The company also reported incorrect numbers on forms submitted to federal authorities and failed to maintain the required documentation of its market activities, according to an order from the federal agency in charge of regulating the commodity futures and option markets. 

The Commodity Futures Trading Commission fined Tyson Foods a civil penalty of $1.5 million on April 13 for violating position limits and for failing to comply with reporting and recordkeeping obligations. 

Tyson Foods produces around 20% of America’s beef, pork and chicken, sold under brands like Jimmy Dean, Hillshire Farm and Sara Lee. 

Position limits restrict the number of derivative contracts a person or group can hold in order to prevent that entity from having too much control over the market and commodity prices.

From January 2016 to January 2021, Tyson Foods held an average of 38% more soybean meal contracts than allowed, according to the CFTC order. 

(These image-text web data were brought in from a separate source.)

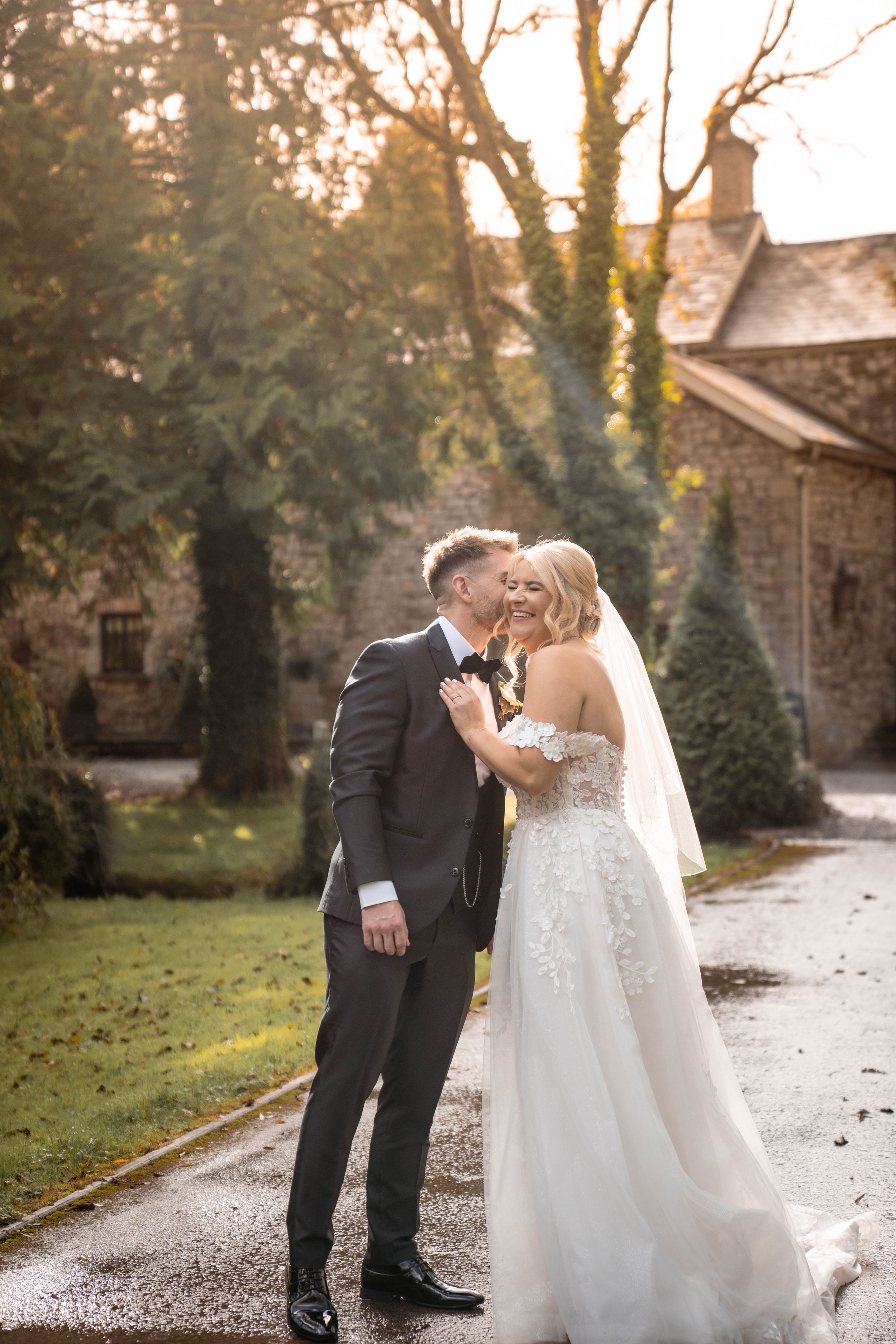 A romantic wedding couple shares an intimate moment together on a tree-lined pathway during golden hour.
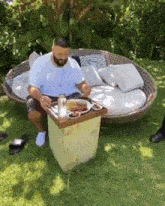 a man is sitting on a couch with a tray of food on it .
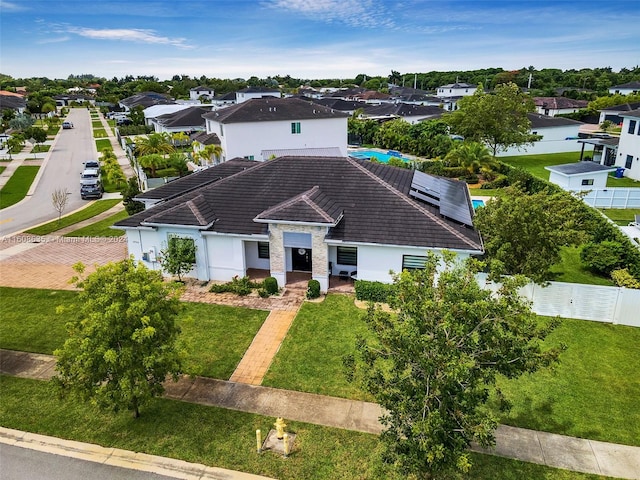 ranch-style house with a residential view, fence, and a tiled roof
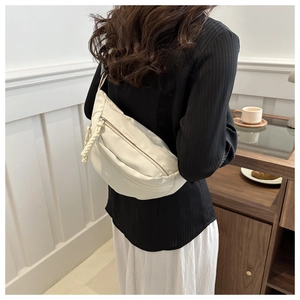 Detail of cream crescent waist bag featuring a stylish woven zipper pull decoration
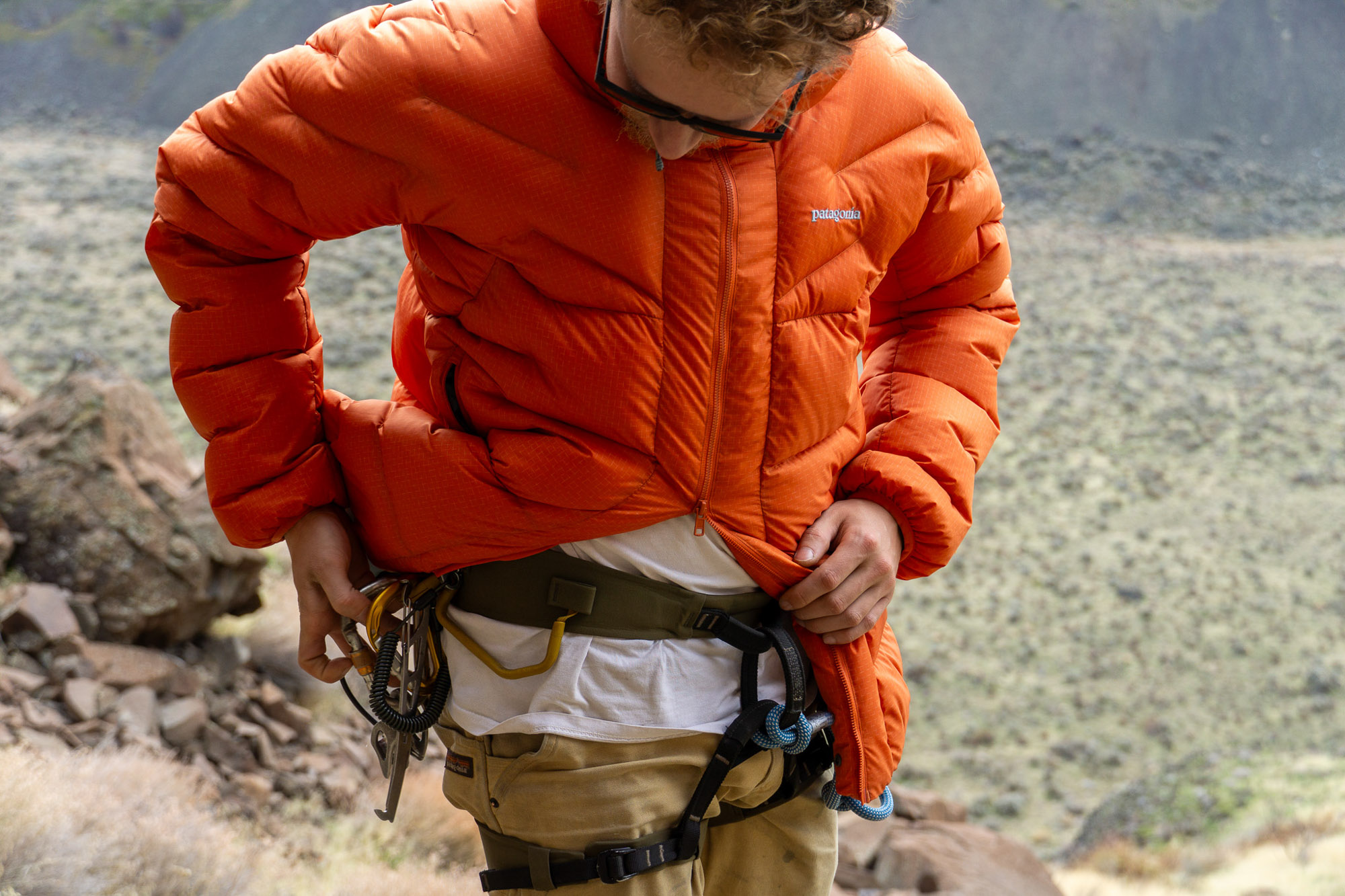 a gearjunkie tester wearing the patagonia durable down parka while climbing in washington state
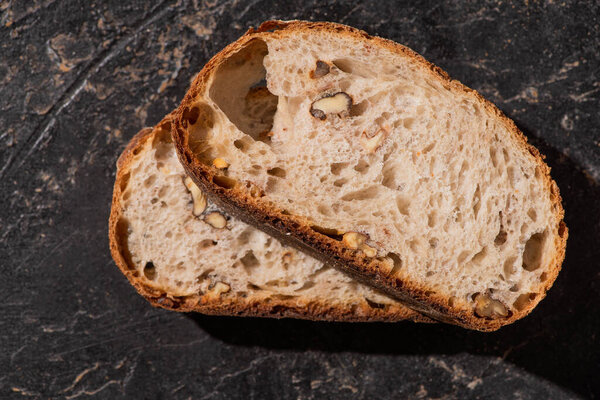 top view of fresh whole grain bread slices with nuts on stone black surface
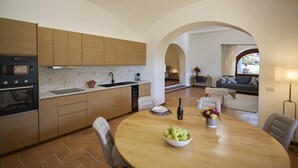 Una cucina moderna con mobili in legno, un piano di lavoro in marmo e una zona pranzo con un tavolo rotondo e sedie.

Tyson Foods did not return a request for comment. The CFTC declined to provide information beyond what was in the order. 

Former CFTC attorney Braden Perry said the fine is one of the largest for position limit violations in recent history. 

“It’s somewhat unusual that the CFTC brought the charges, although it’s happened before, and primarily for repeat offenders,” Perry said. “It’s a signal that the CFTC will take reporting and recordkeeping seriously.”

According to the company’s most recent annual report to shareholders, corn, soybean meal and other feed ingredients account for 53% of the cost of growing a live chicken domestically. 

The annual report said Tyson Foods purchases futures and options “to reduce the effect of changing prices and as a mechanism to procure the underlying commodity.”

Companies can purchase futures and options contracts in excess of the position limit if the business receives a hedge exemption. Tyson Foods did not have an exemption at the time of the position limit violations, according to the CFTC order. 

In forms submitted to the CFTC for all but two months from January 2016 to August 2020, Tyson Foods overstated sales of corn and soybean meal and failed to report purchases and sales from Tyson-owned grain elevators. 

Tyson Foods also violated recordkeeping requirements by not documenting purchases that exceeded position limit rules. 

The CFTC order states Tyson Foods cooperated with the investigation, resulting in a lower penalty. It also prohibits Tyson Foods representatives from publicly denying or undermining the CFTC’s findings.